There’s a certain satisfying nostalgia to being a hopeless romantic. Some songs and movies bring that nostalgia to the center of your attention, propped up just enough to be slumped over in sadness. It’s not that you miss being sad, or feeling lonely, but you recognize that those feelings used to exist in your psyche and there’s nothing wrong with that. It’s comforting, actually, remembering that you used to feel a certain way. Strange enough, “40oz. on Repeat” hit me in this exact way.
I’d like to think that if I were 10 years younger, this song would be my anthem. I always saw myself as the “good guy,” the Jim Halpert of my life (then again, who didn’t? Does anyone really see themselves as Dwight or, God forbid, Toby?) who just couldn’t quite get the girl that envisioned himself with.
The opening lines of “40oz. on Repeat” aren’t cryptic whatsoever. They play like the inner monologue of a jilted Casanova, pissed at himself for his romantic ineptitude, at his failure to even take a chance at texting a girl. He later goes on to say, “I don’t care at all, I’ll drink some alcohol, it’ll make me who I really want to be.” He then says that he always drinks too much because nobody understands him.
FIDLAR has been on my radar for a while now. The video for their song “Cocaine” features a pissed off Nick Offerman going on a urine-soaked rampage. What’s not to love about that? They have a harder-than-usual sound for the surf-skate punk rock music that I’ve been into lately and “40oz. on Repeat” is no different.
Except it kind of is.

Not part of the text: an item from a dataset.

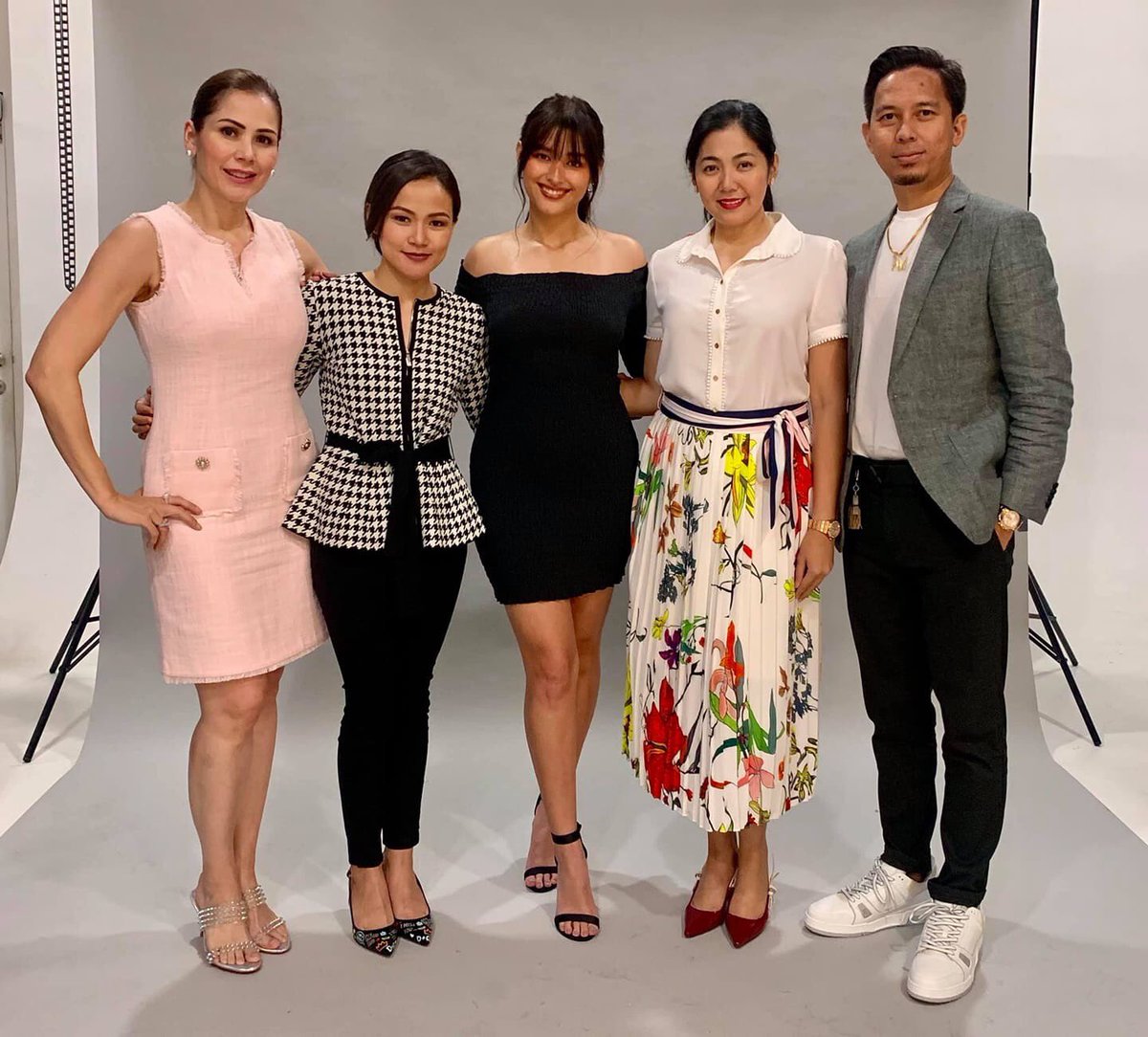 BarceRhuna's tweet photo. The newest member of our IAMWorldwide  Family!!! 2017 Most Beautiful Face and 2019 Most Beautiful Woman in the World, Ms. Liza Soberano!! 😁🥰 https://t.co/RH2xWssgZG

It’s more reminiscent of their 2013 single “Awkward,” which feels like a spiritual predecessor to “40oz.” with its woe-is-me message. It’s authentic, though. FIDLAR expresses those kinds of feelings with angst and snarl, not butt-rock crooning a la Hinder or mellow moodiness found in early Death Cab for Cutie.
You can’t really anticipate finding a song that strikes you in such a way. Lyrics drum up memories the same way that a smell reminds you of the awful lunch your daycare used to serve. But the problem was that I had no reason to relate to those emotions anymore.
When you spend your formative years developing an inner monologue that insists you’re sitting, waiting, wishing for that special person, and you finally find them, these songs should mean nothing to you. Instead, they remind you that there was a time before your current happiness. A time filled with complex and gut wrenching emotions that kept you up at night, cursing yourself or a spin in Fortuna’s Wheel, wondering why me? Why?
And those songs meant something then. More than they do now. They told you that you weren’t alone, no matter how selfish you acted or idealistically you thought. Someone else knew what it was like to feel that way. But now, what you’ve got is a song that captures a glimpse of those memories, if only for 4 minutes, reminding you that what you went through will always remain.
Who knew a FIDLAR song could do that?